Opinion
CASE NO. 14-07134-5-DMW
05-02-2016
CHAPTER 13
ORDER DENYING MOTION TO SURRENDER VEHICLE AND MODIFY PLAN
This matter comes before the court upon the Amended Motion to Allow Surrender of Motor Vehicle and Modification of Chapter 13 Plan ("Motion to Modify") filed by Reuben Samuel Royal and Rachel Lynn Royal ("Debtors") on February 12, 2016 and the Objection to Amended Motion to Allow Surrender of Motor Vehicle and Modification of Chapter 13 Plan filed by Home Credit Corporation ("Home Credit") on February 19, 2016. The court conducted a hearing ("Hearing") on March 17, 2016 in New Bern, North Carolina. Roger A. Moore, Esq. appeared for the Debtors, William F. Hill, Esq. appeared for Home Credit, and Chapter 13 trustee Joseph A. Bledsoe III, Esq. ("Trustee") appeared on his own behalf. Based upon the evidence presented, filed memoranda of law, and arguments of counsel, the court makes the following findings of fact and conclusions of law:
1. This matter is a core proceeding pursuant to 28 U.S.C. § 157, and the court has jurisdiction pursuant to 28 U.S.C. §§ 151, 157, and 1334. The court has the authority to hear this matter pursuant to the General Order of Reference entered August 3, 1984 by the United States District Court for the Eastern District of North Carolina.

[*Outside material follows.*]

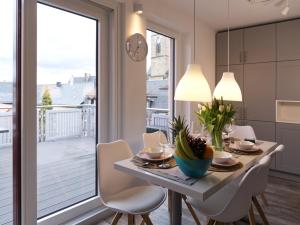 a dining room with a table and a large window at ThüringenApartments Boulevard XXL 5-7 Personen in Saalfeld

2. The Debtors filed a voluntary petition for relief under Chapter 13 of the United States Bankruptcy Code on December 9, 2014 ("Petition Date"), and the court appointed the Trustee to administer the case pursuant to 11 U.S.C. § 1302.
3. On June 6, 2014, the Debtors and Home Credit executed a Retail Installment Contract ("Note") for the Debtors' purchase of a 2001 Mitsubishi Eclipse ("Collateral") for the principal amount of $4,350.00. The Note reflects that at the time of purchase, the Collateral's odometer registered 144,516 miles. The Note is properly secured by a purchase money security interest in the Collateral, with perfection noted upon the certificate of title. The Note provides for the Debtors to make monthly payments to Home Credit in the amount of $240.99 for a period of twenty-four (24) months.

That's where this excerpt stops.